Il est à craindre désormais que le quinquennat Hollande se résume à une longue attente, les renoncements ayant tous été actés – et très clairement annoncés – avant même l’entrée en campagne du candidat Hollande. Il n’y a absolument rien de surprenant là-dedans, et il est aussi vain de crier à la trahison ; Hollande, et le parti socialiste en général, sont tous deux dans leur rôle, appliquant du mieux qu’ils peuvent leur doctrine sociale-libérale, pendant de l’ultra-libéralisme sarkozyste qui vise peu ou prou les mêmes choses : assurer l’ordre social établi, dans le but de laisser libre champ à ceux à qui profitent (massivement) de cet ordre pour s’en mettre plein les fouilles. La différence principale, c’est que le social-libéralisme considère qu’il vaut mieux donner un peu de miettes (quelques alloc’, un peu de respects, des droits…) au bon peuple pour qu’il reste calme plutôt qu’en lui foutant des coups de matraques dans la gueule, ce qui vise la même finalité, mais est plutôt dans les habitudes de l’ultra-libéralisme. En somme l’alternance, c’est la carotte et le bâton pour l’âne de la population : c’est la magie de l’alternance dans un système bipartisant (3), sur le modèle de l’Amérique ou de la France, donc.

En vérité, quand bien même Hollande voudrait sincèrement (et d’ailleurs, je le croit sincère) vaincre la crise, il en serait parfaitement incapable. Mais pas seulement, contrairement à ce qu’on voudrait nous faire croire, parce qu’il en est empêché par les règlements dictatoriaux et à la limite de la démence d’une Union Européenne sciemment construite de manière à en expurger toute trace, fus-t-elle microscopique de démocratie populaire (toujours trop prompte à ne pas considérer les deux faces du problème, comme le bon sens versus les petits cadeaux des lobbystes). ça, c’est un argument foireux. Certes, l’Angleterre est contre tout et l’Allemagne contre ce qui reste, mais ça laisse 25 petits camarades qui sentent passer le rasoir de la dette.

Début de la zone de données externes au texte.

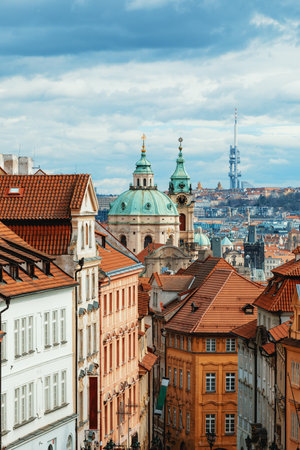 Panorama of old historic town Prague in Czech Prague, view from castle hill in sunny day, in front Church of Saint Nicholas. Central Bohemia, Czech Republicの写真素材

En effet, de la même façon qu’un kremlinologue (4) ne pouvait concevoir un monde sans Union Soviétique, le gouvernement ne peut concevoir le monde qu’au travers de l’idéologie libérale – une idéologie d’autant plus forte que son principal titre de gloire est d’avoir fait croire à tout le monde qu’elle n’est pas du tout qu’allez vous croire ma bonne dame ! une idéologie comme une autre, mais rien moins que l’état normal de l’homme, comme la station bipède.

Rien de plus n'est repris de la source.